## Your instructions
The data below should be retyped exactly, with the pictures left out.

## The data
# # # # #

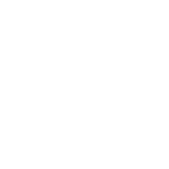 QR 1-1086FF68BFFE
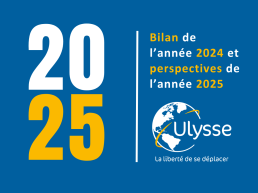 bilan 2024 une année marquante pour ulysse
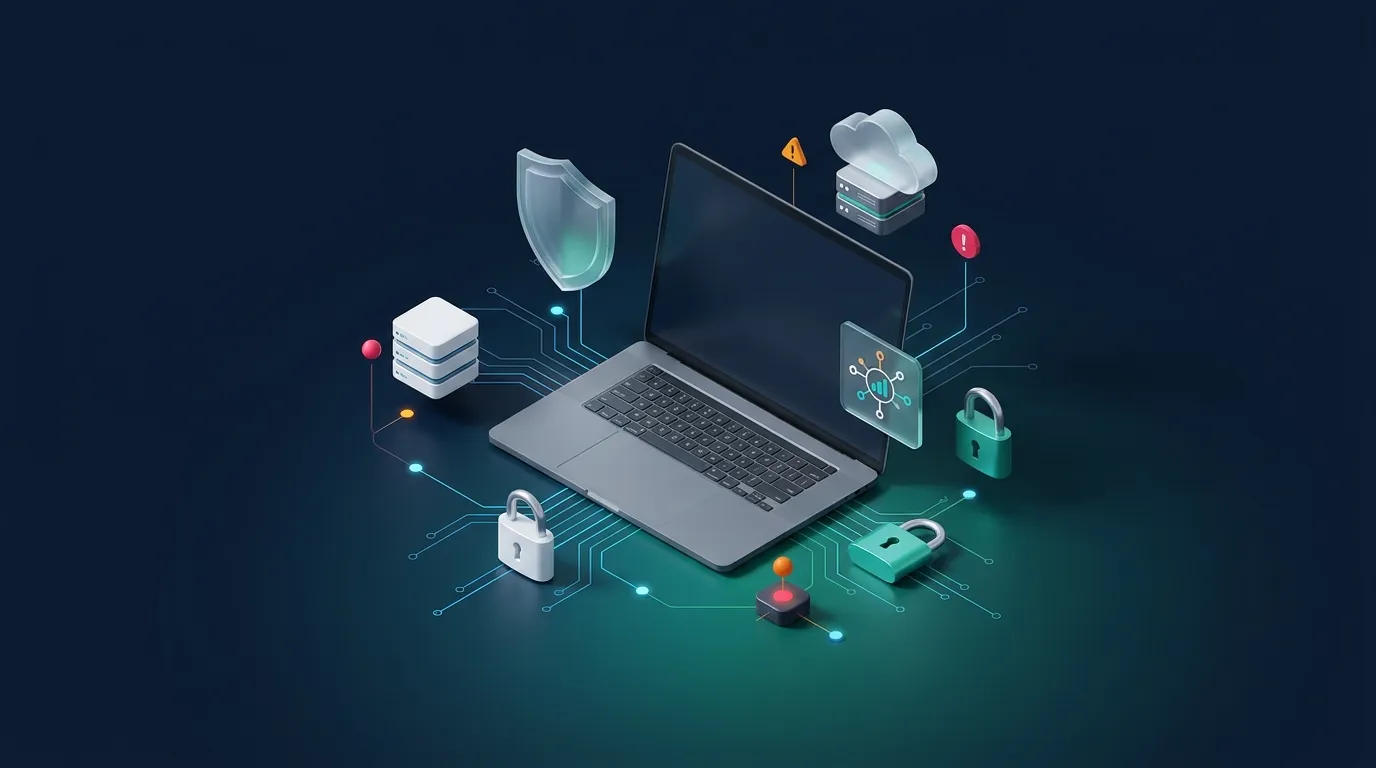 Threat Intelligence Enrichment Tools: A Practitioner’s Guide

# # # # #

## Response
 QR 1-1086FF68BFFE
 bilan 2024 une année marquante pour ulysse
 Threat Intelligence Enrichment Tools: A Practitioner’s Guide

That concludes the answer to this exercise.